The maximum content body length is 5MB. There is no limit on the number of content items per request.
The ID must be a unique string within the dataset.
# Content Guide
# Which content (products) to include in a dataset
The recommendations are produced only for items in the dataset.
In order to get recommendations for content it must be in the dataset. Once you remove a product from the dataset, it will no longer be possible to query recommendations for that product.
# Out-of-stock products
We recommend keeping out-of-stock products in the dataset, rather than removing them when they are no longer available (as required by Google Merchant feeds). It is often the case that your customer is referred to the product page by affiliate links or other lists (such as Pinterest), so maintaining out-of-stock products can ensure they are served in-stock & relevant recommendations.
To serve you with recommendations for out-of-stock products, they should have a metadata field to identify that it is no longer in stock (for example a boolean field instock
).
Showing out-of-stock recommendations becomes as simple as querying q=instock:true
to ensure out-of-stock products are not returned in results.
# Unique Content and placeholder image URLs
A dataset can have multiple content items with different IDs but the same image URL. We allow for the use case when some content doesn't have yet a permanent image, so a placeholder (default / generic) image is used instead. Having the same image multiple times in a dataset will increase the chance of seeing the image multiple times when making a Vision API request.
# Image Resolution
Image resolution should be as close to 256 pixels per edge, with a maximum of 1000 pixels. All ratios are accepted, so there is no need to do any padding, but consider cropping to clearly see the product / object. For datasets that have fashion related content you can have better results if the minimum image size is 300 pixels per edge.
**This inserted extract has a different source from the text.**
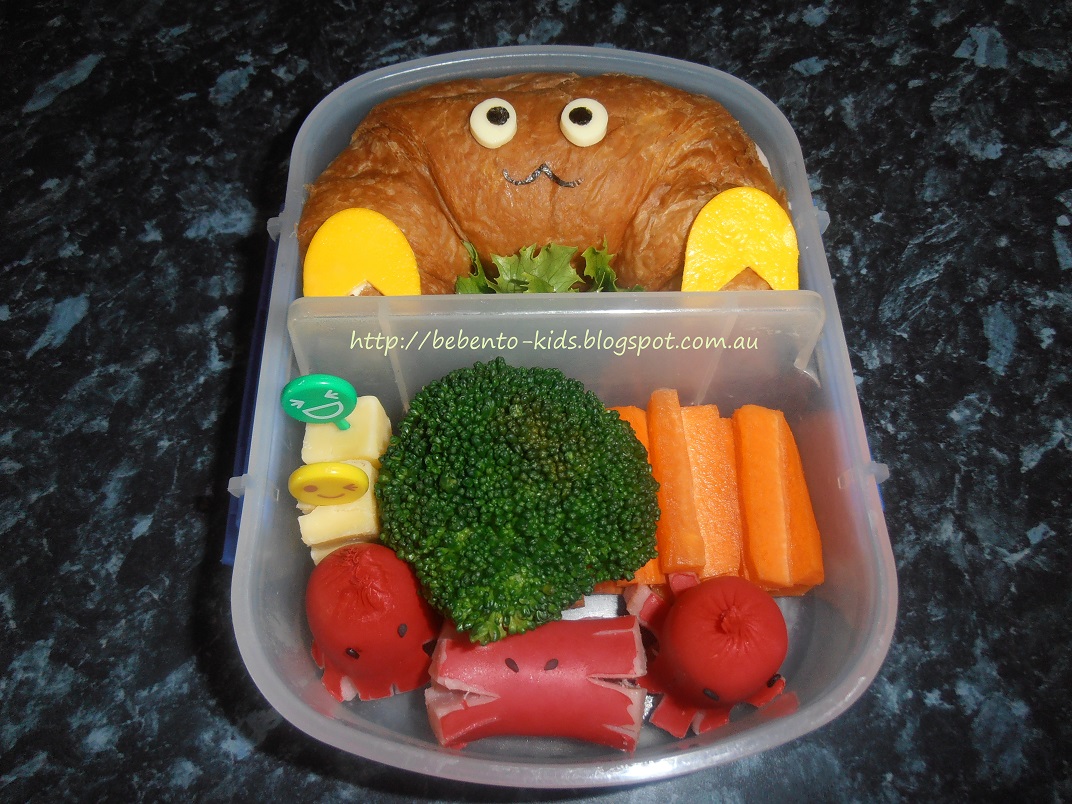 Bebento Kids Crab Croissant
# Image guide: Cropping & Homogeneity
Image | Resolution | Result | Reason |
---|---|---|---|
447 x 300 pixels | Good |
| |
866 x 300 pixels | Good |
| |
907 x 300 pixels | Good |
| |
427 x 424 pixels | Bad |
| |
426 x 422 pixels | Bad |
| |
410 x 143 pixels | Bad |
| |
648 x 300 pixels | Bad |
|
# Metadata
The optional metadata
field is a JSON object that accepts key values of the following types: string, number, boolean and simple arrays with values of type string or number. Although we don't check that the same keys have the same type for all content in a dataset, enforcing that on your side could avoid filtering issues when using the Vision API.
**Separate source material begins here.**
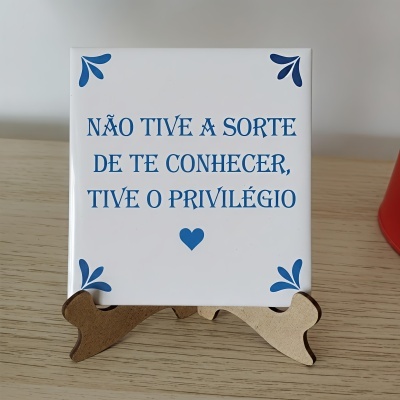 Azulejo "Previlégio"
# Deciding metadata to add
We recommend only adding metadata that is useful for your customer, filtering, or recommendation engine. We provide 4 simple suggestions that will help you decide on what to include in the dataset:
# Is it useful for my customers?
The fields price
and quantity
are both good examples of fields a customer might be interested in and use them to search by. Many internal fields like timestamps and other fields added by CMS or e-commerce platforms are not relevant to the customer.
# Do I plan to filter by it?
Add fields you use to determine whether to return a product. These fields may be the internal information about products and their relevance in the context of what you would like to include in the recommendations. Examples are:
vendor_name
- may be used to filter recommendations only from the same vendor. Even though you may never display this internal information to a customer, it can help you to craft recommendation.instock
- an already described case in out-of-stock, it is used when you wish to recommend alternatives that are currently available in the inventory.
# Does it achieve business needs?
Add fields you based on your business insights or goals. These fields may be the internal information derived from your business operations. Examples are:
vendor_ranking
- may be used for both filtering, and to order recommendations by. Even though you may never display this internal ranking to a customer, it can serve your business case.product_location
- could be use to determine which products to show a customer based on their location to minimise shipping costs and taxes.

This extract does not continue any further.